Bertrand BAHEU-DERRAS
Elève-avocat au barreau de Paris
[1] Cette cession partielle est réalisée par l’intermédiaire de Crédit Lyonnais Investissement (Clinvest), filiale du Crédit Lyonnais, qui prend à cette occasion 10%, lors d’un tour de table réunissant la Banque générale du Phénix, filiale des AGF, qui prend 3%, Métropole, filiale de l’UAP, qui prend 9% et EFC détenue par Gilberte Beaux, présidente du conseil de surveillance d’Adidas, qui prend 5%.
[2] La fusion des trois sociétés et tout particulièrement de BTF S.A. et GBT S.N.C. est obligatoire pour permettre l’affectation du produit de la cession perçue par BTF S.A. au remboursement des dettes bancaires de GBT S.N.C., affecter les deniers d’une société au profit d’un actionnaire étant un abus de biens sociaux : en fusionnant, actionnaire et société se confondent et alors l’abus de biens sociaux disparaît.
[3] Une fois redevenu bénéficiaire, le Crédit Lyonnais doit toutefois rembourser ses défaiseurs au titre d’une clause de retour à meilleure fortune. Il rachète finalement en 1998 cette clause à l’Etat français moyennant une augmentation de la participation de celui-ci dans son capital social.
[4] Les banques font référence à l’article 1165 du Code civil et au principe de l’effet relatif des conventions qu’il énonce. La jurisprudence BESSE issue de l’arrêt de l’Assemblée plénière de la Cour de cassation du 12 juillet 1991 considère en effet que les cocontractants extrêmes, dans une chaîne de contrats non-translatifs de propriété ou dans un groupe de contrats, ne peuvent agir en responsabilité les uns contre les autres que sur le fondement délictuel des 1382 et 1383 du Code civil, non sur le fondement contractuel de l’article 1147 du Code civil dans la mesure où ils ne sont pas directement liés par un de ces contrats.

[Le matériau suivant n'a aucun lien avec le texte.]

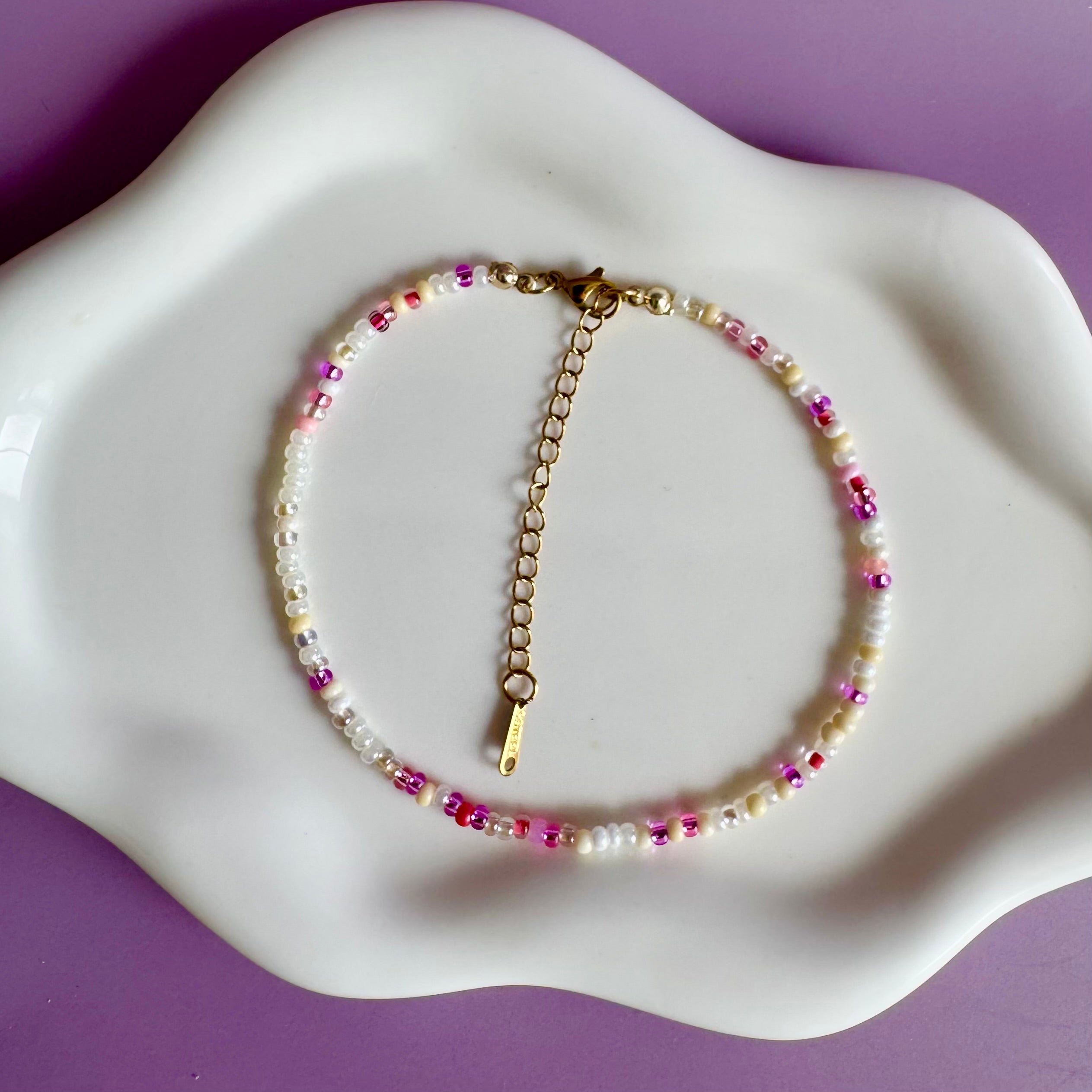 18k Gold Filled Soft Bloom Beaded Anklet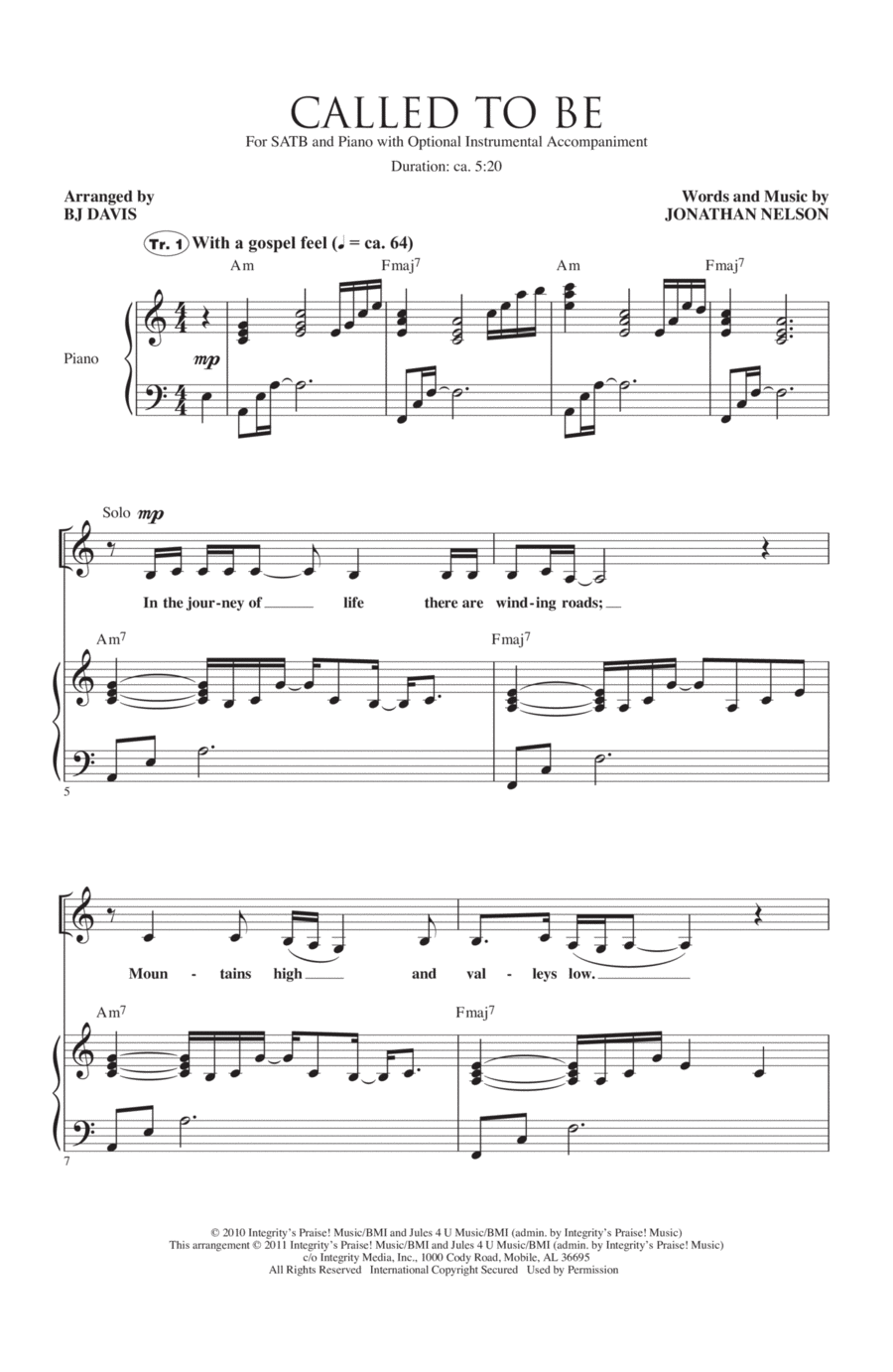 Called To Be Called To Be 4-Part scores gallery preview page 1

[5] Les banques font référence au même article 1165 du Code civil et au même principe de l’effet relatif des conventions qu’il énonce. La jurisprudence a pendant un certain temps exigé que le tiers à un contrat établisse que le manquement d’une des parties au contrat constitue à son égard une faute pour pouvoir agir en responsabilité à son encontre. Mais depuis l’arrêt de l’Assemblée plénière de la Cour de cassation du 6 octobre 2006, cette exigence n’existe plus et le simple manquement suffit dès lors qu’il en résulte un préjudice pour le tiers.
[6] Voir par exemple : Cass. civ. 3ème, 25 février 2004, n° 01-11764.
[7] Voir par exemple : Cass. com., 15 janvier 2002, n° 00-18278.